Strategy disclosed a $12.4 billion net loss for Q4 2025, up from $670.8 million a year earlier, as its Bitcoin holdings traded below the company's $76,052 average purchase price. The loss stems from an unrealized $17.4 billion digital asset write-down under U.S. GAAP rules requiring cryptocurrency to be treated as indefinite-lived intangible assets subject to impairment testing.
The accounting treatment matters: under ASC 350-60, crypto holdings are marked down when market value drops below cost, but upward revaluations are prohibited until disposal. This creates asymmetric volatility in reported earnings that doesn't reflect cash position. Strategy closed the quarter with $2.3 billion in cash and holds over 670,000 BTC.
The software business told a different story. Subscription revenue jumped 62% year-over-year to $51.8 million, and total revenues of $123 million beat consensus estimates by 2.83%. Gross margin declined to 66.1% from 71.7%, but the core operations remain profitable.
Investors aren't buying the separation of software and Bitcoin operations. MSTR stock dropped 17% on earnings day to $106.99, now down 68% year-over-year. The market's Net Asset Value premium stands at just 1.09, meaning investors value the company barely above its Bitcoin holdings alone. During rallies, that premium has reached 2.0 or higher.

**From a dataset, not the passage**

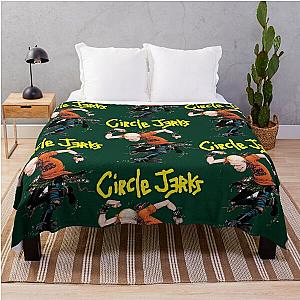 Circle Jerks   Throw Blanket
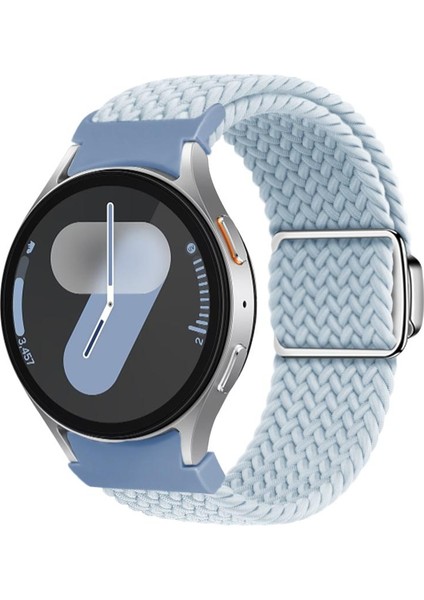 Zhstore-Samsung Galaxy Watch 5 Pro / 6 / 7 Için Örgülü Saat Kayışı (Yurt Dışından)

Strategy has twice failed to gain S&P 500 inclusion (September and December 2025), which would bring passive institutional flows and validate the Bitcoin treasury strategy. The company maintains $4 billion available for share buybacks, though CEO Michael Saylor has prioritized Bitcoin accumulation over traditional capital allocation.
For enterprise CFOs watching digital asset accounting, Strategy serves as a case study in GAAP's treatment of cryptocurrency holdings on public company balance sheets. The impairment-only model creates headline volatility that obscures operational performance, a challenge any large organization holding Bitcoin will face under current standards. The IFRS treatment differs slightly but produces similar asymmetry.
The real question: can Strategy's software growth story survive perpetual subordination to Bitcoin price action, or does a 1.09 mNAV signal the market has stopped paying for anything beyond the underlying crypto position?